In Lionel Shriver’s prize-winning novel, We Need To Talk About Kevin, pages are devoted to Eva Khatchadourian’s resentment of her own pregnancy. It is the beginning of an ongoing conundrum: is Eva’s son Kevin malevolent because she did not love him enough, or did she not love him enough because he was malevolent?

In the film of the book, meanwhile, we see Eva - played by the fabulously hollow-eyed Tilda Swinton - gazing in bafflement at other pregnant women in the changing-room. It is not quite the same.

The film simply cannot convey Eva’s tortured search for her own culpability over her son, the mass murderer. And so, perfectly validly, it does not try. This is no criticism of Lynne Ramsay’s film, which does what it does with power, grace and beauty. It just does something quite different.
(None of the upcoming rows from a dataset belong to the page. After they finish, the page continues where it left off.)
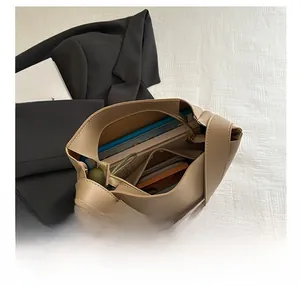 Top view showing large capacity of the beige tote bag with books, wallet and umbrella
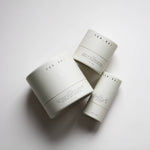 Among the Flowers Tallow Face Cream jars in white cylinder packaging grouped together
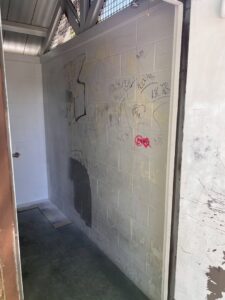 A public restroom wall covered with graffiti before cleaning by EB Restorations & Cleaning Services in Sparks, NV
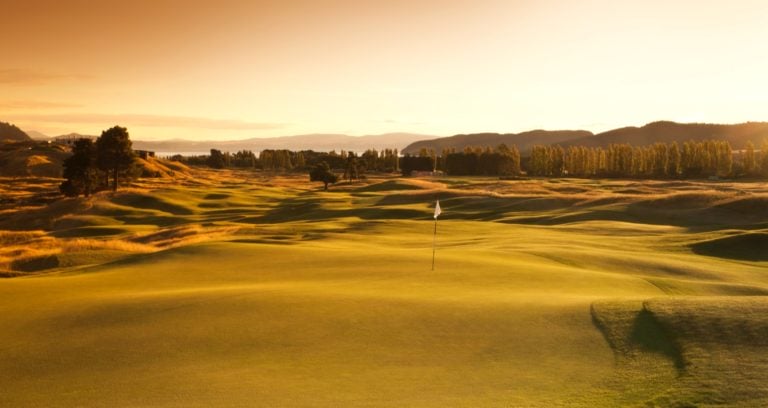 The golden light of dusk drenches The Kinloch Club's undulating golf course with light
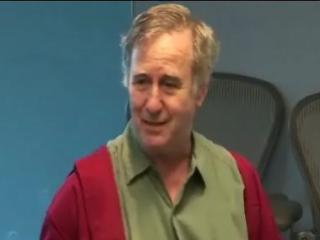 a man smiling for the camera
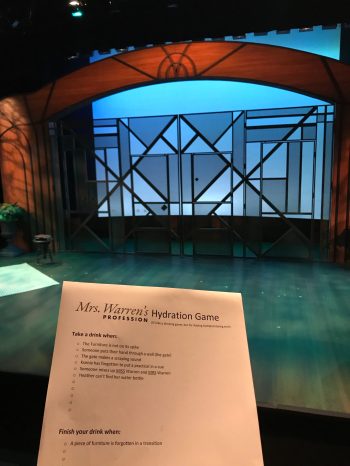 A piece of paper titled "Mrs Warren's Profession Tech Week Drinking Game" in front of a theatre set with a cyc lit blue and an art deco gate closed in front of it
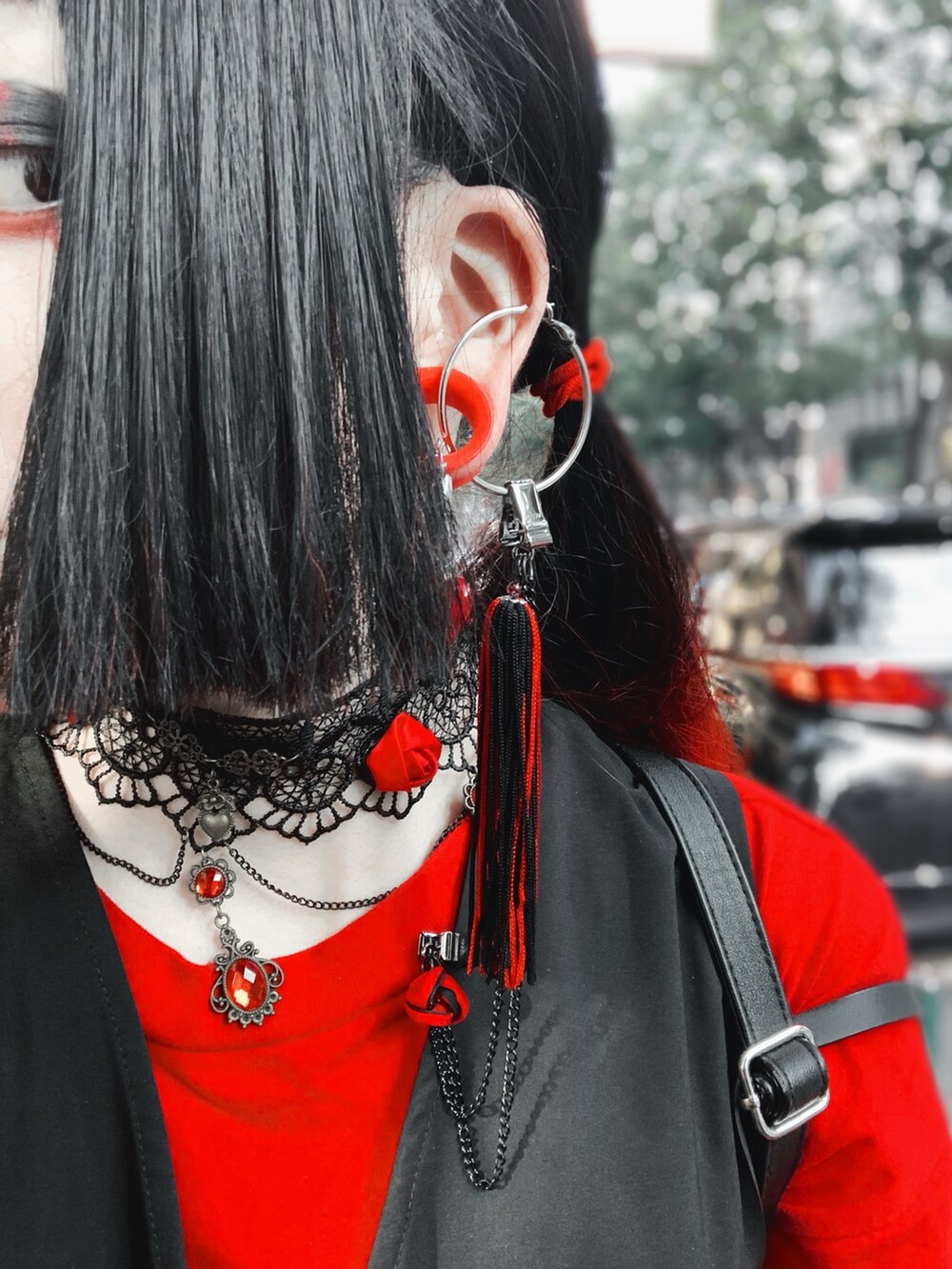 レッド系のTシャツ/カットソー、ブラック系のベスト、ブラック系のスカートを着用したレディースの夏コーディネートの3枚目の写真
The film of We Need To Talk About Kevin is told through multiple flashbacks. In the distant past, there is long-haired Eva, carefree and corporeal. In the near past, there is short-haired Eva, struggling with an increasingly sullen infant, still in nappies at age six.

By the time he is a teenager, Kevin (Ezra Miller) is actively sadistic. When Eva walks in on him wanking in the bathroom, he does not stop or go red. Instead, he looks her in the eye, and ups the pace. “You can’t get uncomfortable enough, can you?” Eva says, later in the film.

Interspersed, there is present-day Eva, coping with life since Kevin took his crossbow to school and killed eight of his schoolmates. Here is the real power of the film: as an uncompromising portrait of living hell. There are lengthy, static shots punctuated by telling mundanity: the edge of a poster flapping in the breeze, the half-raised arm of a neighbour’s tentative hello.

Ezra Miller is consistently believable as the teenager whose malevolence hides a fundamental sadness. But Tilda Swinton dominates the film, both in screen time and screen presence: she is, quite simply, magnificent.

Occasionally, the film hits a sour note: the images of splattered red - jam on bread, paint on walls - are over-laboured. And we see Eva wash red paint off her hands a few too many times. We get it: the damned spot is still there.

But, overall, it is a strikingly visceral film, its images of stasis and flow lingering in the mind long afterwards. Equally - if not more - haunting are the images we do not see: the violence hinted at, but never shown.

It is not the book, no. But the film gives us entirely new reasons to talk about Kevin all over again.